(THE DATA Opens)
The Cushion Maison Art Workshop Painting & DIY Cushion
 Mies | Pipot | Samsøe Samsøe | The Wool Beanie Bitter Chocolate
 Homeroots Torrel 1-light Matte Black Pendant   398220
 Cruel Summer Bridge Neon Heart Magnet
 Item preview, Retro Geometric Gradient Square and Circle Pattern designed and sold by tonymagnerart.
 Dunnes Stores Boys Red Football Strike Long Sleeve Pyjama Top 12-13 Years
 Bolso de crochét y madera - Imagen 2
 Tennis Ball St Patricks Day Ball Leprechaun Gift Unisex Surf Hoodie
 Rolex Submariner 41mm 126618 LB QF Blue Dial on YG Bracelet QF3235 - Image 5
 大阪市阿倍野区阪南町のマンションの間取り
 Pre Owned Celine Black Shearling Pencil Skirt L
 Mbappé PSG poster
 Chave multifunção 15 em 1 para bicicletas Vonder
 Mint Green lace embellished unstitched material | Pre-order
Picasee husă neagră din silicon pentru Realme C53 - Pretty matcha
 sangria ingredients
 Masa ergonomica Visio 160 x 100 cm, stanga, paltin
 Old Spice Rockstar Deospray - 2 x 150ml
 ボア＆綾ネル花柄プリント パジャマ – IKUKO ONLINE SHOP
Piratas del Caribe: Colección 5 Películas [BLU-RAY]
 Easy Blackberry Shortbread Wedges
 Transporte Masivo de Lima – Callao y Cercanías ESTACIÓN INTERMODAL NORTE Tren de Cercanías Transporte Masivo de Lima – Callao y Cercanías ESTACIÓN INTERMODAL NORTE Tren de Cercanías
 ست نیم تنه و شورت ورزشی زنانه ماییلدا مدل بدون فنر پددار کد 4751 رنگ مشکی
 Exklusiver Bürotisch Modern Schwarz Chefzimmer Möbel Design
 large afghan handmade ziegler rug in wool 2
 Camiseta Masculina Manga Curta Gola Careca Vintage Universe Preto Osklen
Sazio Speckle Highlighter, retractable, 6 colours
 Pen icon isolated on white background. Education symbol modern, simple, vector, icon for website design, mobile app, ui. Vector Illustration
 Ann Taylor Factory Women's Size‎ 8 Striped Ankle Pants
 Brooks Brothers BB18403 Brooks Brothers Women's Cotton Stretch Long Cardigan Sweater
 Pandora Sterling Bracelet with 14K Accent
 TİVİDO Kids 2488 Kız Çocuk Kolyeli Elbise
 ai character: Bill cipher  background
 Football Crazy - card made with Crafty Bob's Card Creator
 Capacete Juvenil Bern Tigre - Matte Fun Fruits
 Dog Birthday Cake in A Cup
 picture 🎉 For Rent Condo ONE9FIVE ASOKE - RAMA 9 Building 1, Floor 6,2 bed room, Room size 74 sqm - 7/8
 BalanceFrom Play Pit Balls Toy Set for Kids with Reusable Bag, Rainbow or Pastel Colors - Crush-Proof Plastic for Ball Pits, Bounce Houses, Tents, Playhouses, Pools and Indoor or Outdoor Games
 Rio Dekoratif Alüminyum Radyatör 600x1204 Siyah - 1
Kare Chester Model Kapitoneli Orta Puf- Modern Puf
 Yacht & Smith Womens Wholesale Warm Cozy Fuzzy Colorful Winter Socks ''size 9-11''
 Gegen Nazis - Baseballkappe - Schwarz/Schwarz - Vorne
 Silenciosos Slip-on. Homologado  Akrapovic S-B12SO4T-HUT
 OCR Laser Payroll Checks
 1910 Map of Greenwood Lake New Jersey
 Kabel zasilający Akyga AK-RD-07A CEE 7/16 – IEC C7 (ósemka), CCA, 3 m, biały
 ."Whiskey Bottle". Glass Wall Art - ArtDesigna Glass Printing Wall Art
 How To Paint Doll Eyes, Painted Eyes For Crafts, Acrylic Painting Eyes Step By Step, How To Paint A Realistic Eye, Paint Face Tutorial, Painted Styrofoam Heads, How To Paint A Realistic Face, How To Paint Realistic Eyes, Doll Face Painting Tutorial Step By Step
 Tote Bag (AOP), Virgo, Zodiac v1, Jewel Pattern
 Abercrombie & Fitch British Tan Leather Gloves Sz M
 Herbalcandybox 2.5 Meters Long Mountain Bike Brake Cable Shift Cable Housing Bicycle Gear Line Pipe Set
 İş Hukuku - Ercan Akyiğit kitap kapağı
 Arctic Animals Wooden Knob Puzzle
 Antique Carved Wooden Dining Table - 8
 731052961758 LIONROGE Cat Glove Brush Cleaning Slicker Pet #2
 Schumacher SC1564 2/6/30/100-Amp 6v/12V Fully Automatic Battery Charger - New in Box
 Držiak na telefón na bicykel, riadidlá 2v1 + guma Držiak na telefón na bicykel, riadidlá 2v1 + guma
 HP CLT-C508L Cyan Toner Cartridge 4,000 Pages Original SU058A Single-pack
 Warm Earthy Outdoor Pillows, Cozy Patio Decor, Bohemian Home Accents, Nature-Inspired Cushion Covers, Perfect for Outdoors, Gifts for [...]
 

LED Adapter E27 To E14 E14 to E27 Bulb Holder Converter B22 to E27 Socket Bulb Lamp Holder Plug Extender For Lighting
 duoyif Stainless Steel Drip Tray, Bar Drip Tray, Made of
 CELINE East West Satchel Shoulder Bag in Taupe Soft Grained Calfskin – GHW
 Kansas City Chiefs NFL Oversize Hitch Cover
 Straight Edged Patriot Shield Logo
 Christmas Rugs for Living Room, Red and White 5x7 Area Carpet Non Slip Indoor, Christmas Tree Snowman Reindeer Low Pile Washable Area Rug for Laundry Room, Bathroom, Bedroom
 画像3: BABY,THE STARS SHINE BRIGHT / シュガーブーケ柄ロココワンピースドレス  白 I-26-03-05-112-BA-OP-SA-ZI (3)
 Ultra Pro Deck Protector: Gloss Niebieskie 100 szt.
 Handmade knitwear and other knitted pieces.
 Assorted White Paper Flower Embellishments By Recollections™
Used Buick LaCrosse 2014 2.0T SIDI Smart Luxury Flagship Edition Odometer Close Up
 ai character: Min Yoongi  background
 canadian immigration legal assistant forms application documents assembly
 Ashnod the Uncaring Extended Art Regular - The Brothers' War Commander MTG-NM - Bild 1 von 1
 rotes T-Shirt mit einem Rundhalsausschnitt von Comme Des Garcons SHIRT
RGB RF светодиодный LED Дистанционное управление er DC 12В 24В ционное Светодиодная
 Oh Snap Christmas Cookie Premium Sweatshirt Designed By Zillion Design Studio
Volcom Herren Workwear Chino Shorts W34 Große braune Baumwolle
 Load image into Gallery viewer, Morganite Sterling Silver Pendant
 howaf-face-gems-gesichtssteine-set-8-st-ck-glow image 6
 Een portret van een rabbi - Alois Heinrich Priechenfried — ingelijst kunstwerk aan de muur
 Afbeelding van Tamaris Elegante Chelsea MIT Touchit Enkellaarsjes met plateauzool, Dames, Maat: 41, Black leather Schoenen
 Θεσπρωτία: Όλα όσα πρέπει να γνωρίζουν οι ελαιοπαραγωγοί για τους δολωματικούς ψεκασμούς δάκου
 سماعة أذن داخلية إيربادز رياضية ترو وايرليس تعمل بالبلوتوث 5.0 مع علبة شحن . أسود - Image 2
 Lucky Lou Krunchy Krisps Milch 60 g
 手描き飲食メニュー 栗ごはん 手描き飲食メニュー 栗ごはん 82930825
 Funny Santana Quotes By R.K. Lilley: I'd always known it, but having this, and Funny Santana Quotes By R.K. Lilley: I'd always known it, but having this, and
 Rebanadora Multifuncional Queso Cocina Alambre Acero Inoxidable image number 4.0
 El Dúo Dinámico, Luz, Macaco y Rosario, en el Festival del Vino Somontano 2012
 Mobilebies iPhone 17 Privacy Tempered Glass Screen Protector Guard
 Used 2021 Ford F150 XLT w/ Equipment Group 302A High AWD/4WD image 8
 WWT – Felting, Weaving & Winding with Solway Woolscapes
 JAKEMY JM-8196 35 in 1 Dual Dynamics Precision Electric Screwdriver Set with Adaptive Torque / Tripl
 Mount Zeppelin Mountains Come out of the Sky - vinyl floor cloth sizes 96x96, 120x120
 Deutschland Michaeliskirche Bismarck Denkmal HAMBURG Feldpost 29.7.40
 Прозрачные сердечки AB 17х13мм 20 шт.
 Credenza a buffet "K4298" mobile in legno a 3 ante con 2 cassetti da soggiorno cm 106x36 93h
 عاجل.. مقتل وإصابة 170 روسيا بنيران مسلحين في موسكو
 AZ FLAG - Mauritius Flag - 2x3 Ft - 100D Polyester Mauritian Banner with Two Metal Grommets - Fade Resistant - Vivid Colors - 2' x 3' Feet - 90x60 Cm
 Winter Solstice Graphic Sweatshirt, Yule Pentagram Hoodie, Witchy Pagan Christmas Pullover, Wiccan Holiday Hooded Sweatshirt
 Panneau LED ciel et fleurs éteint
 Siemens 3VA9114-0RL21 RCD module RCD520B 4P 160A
(THE DATA Closes)
[TASK REQUIREMENTS] Taking the records above, retype every line from the one with "1910 Map of Greenwood Lake New Jersey" down to the one with "Printing Wall Art", exactly and with nothing else.

[RESULT OF THIS EXERCISE]
 1910 Map of Greenwood Lake New Jersey
 Kabel zasilający Akyga AK-RD-07A CEE 7/16 – IEC C7 (ósemka), CCA, 3 m, biały
 ."Whiskey Bottle". Glass Wall Art - ArtDesigna Glass Printing Wall Art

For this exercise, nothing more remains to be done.